Though benchmarks often don't show it, Ethernet is a sloppy transmission vehicle. It relies on a collision mechanism that resolves two sources addressing the same receiver by forcing them to turn around and try again, both using random timeouts to do so. This collision process reduces performance, possibly by considerable amounts, and it introduces extra latency.
Performance degradation hits throughput-sensitive operations such as networked storage, while added latency affects time-sensitive functions such as messaging between financial systems.
One solution to the problem is to add buffers in the system, allowing data to be held up for a very brief period until the receiving port is free of the previous communication. This is Converged Enhanced Ethernet (CEE). Typically, the buffers in effect are added to the output side of switches, with each port able to stack several messages. A throttling mechanism that momentarily stops transfers is provided when the allocated buffer is filled up. The added complexity and the lack of intense competition add to the price of CEE gear.

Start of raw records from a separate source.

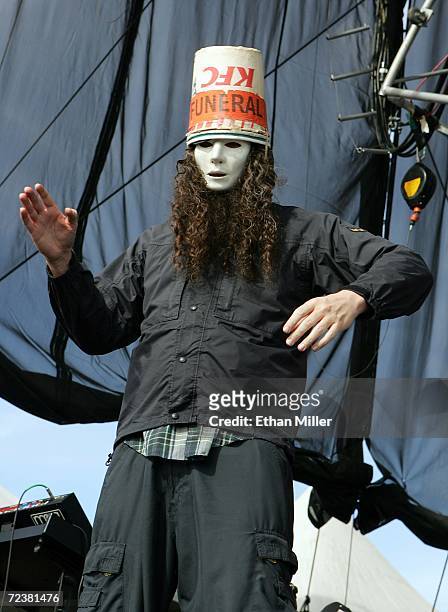 Guitarist Buckethead dances as he performs with the band Praxis at the Vegoose music festival at Sam Boyd Stadium's Star Nursery Field October 28,...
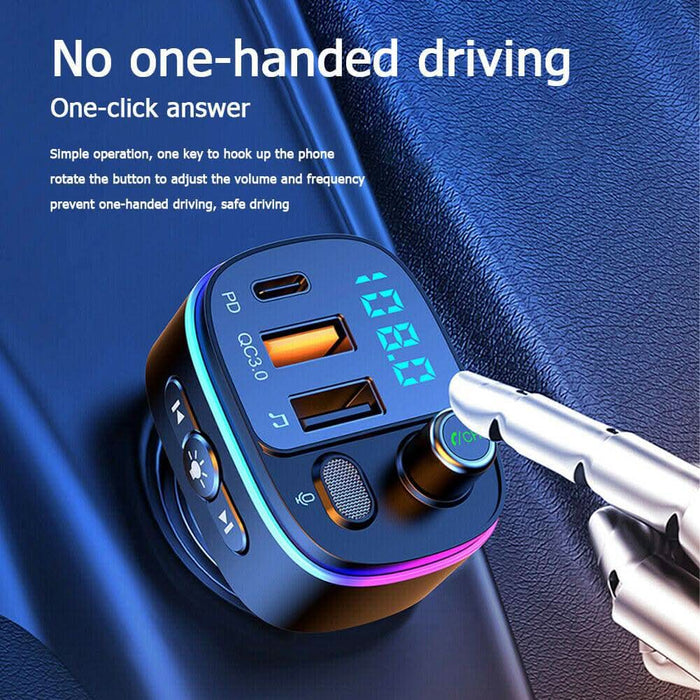 T65 Car Bluetooth FM Transmitter 7 Color LED Backlit Handsfree MP3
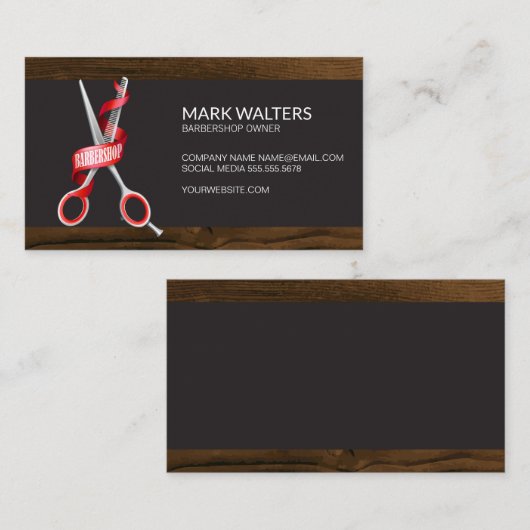 Barbershop-Schere | Barber Pole | Holzschnitt Visitenkarte (Vorne/Hinten)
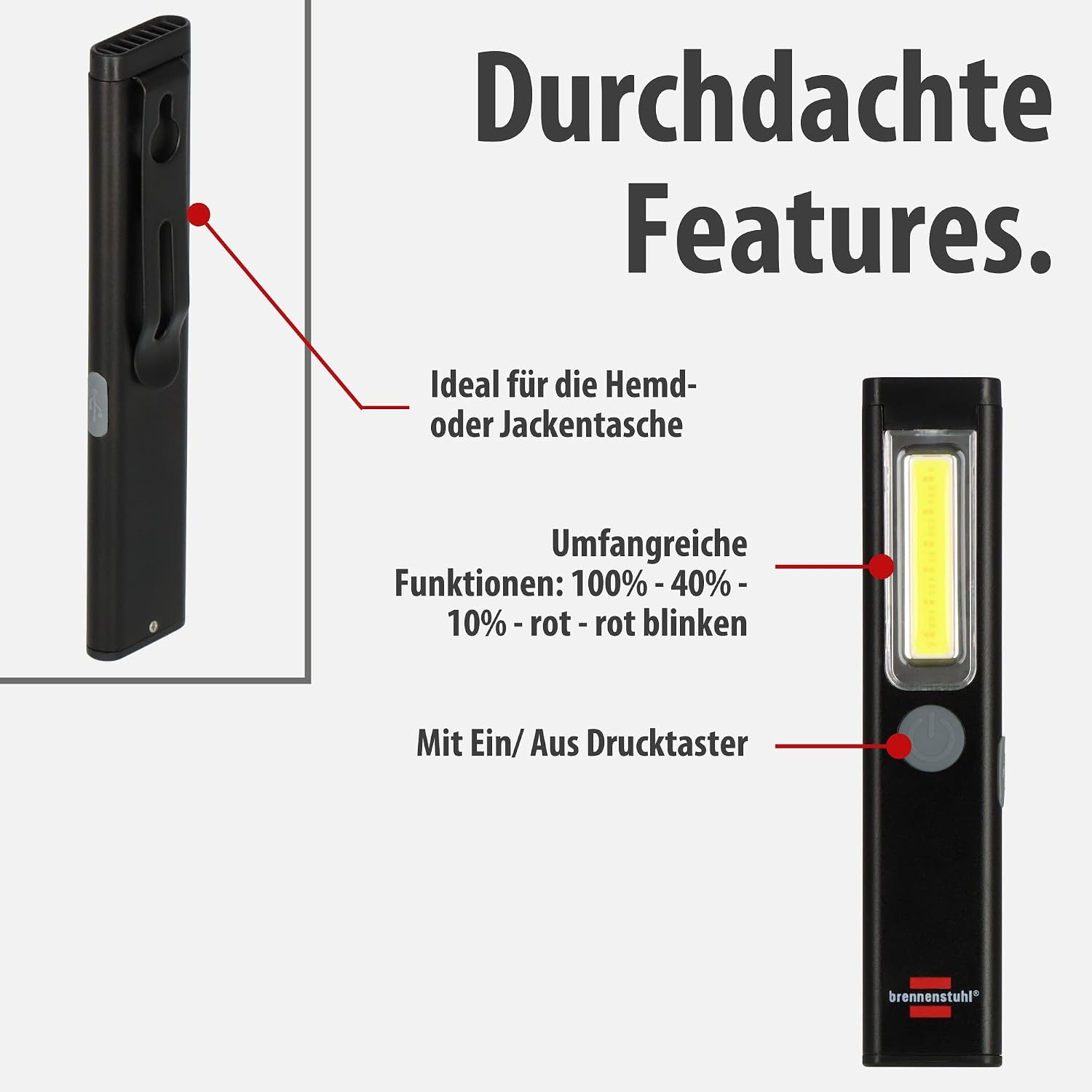 Detalle de Brennenstuhl LED Akku Handleuchte PL 200 AC/LED Taschenlampe – 200 lm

Another method to resolve the collision issue is seen in expensive ATCA blade systems, where each server is directly connected to all the other servers in the blade chassis. Since there are only two end-node devices on each link, collisions can't occur, and performance is high, while latency is very low. Unfortunately, such systems don't scale.
Rapidly falling prices for 10 Gigabit Ethernet (GbE) gear present a new solution. Performance can be obtained by adding more links to each end node (server or storage unit). This manifests as either discreet 10 GbE links, for instance, or as ganged channels that aggregate to 2x or 4x the performance. There are 40 GbE switches and NICs available, using four 10 GbE links with each datagram being spread over the four channels.
The 40 GbE approach certainly improves performance, but the effective throughput of a 40 GbE system as a percentage of theoretical maximum is similar to that for a 10 GbE system. "Go-around" latency is reduced, since completion time for a datagram is one quarter of that on a 10 GbE system.
Now there is silicon to support a 25 GbE link, giving us 25/50/100 connections. This provides a 2.5 x boost in a single link over the links currently used in 10 GbE and 40 GbE systems. The new links can use previously installed cabling, so upgrades are relatively inexpensive, and, again, both performance and latency improve. However, because switches with 25 GbE equipment are much more complex, it will be a while before they're available.
We have a situation, then, where the fastest performance is likely to come from a higher channel count of "standard" Ethernet, especially with 25 GbE links. In fact, latency may improve to the point that the standard solution with fast links closes in on the converged solution. Of course, results will vary by use case and customer.
The debate shifts to the TCO plane, with the cost of a converged environment being much higher than a standard configuration. The difference in cost might justify more links of standard Ethernet, or an upgrade to 25 GbE, versus a move to converged gear.
Overall, it looks likely that the availability of faster Ethernet links and ganged multi-link connections will slow deployment of Converged Ethernet.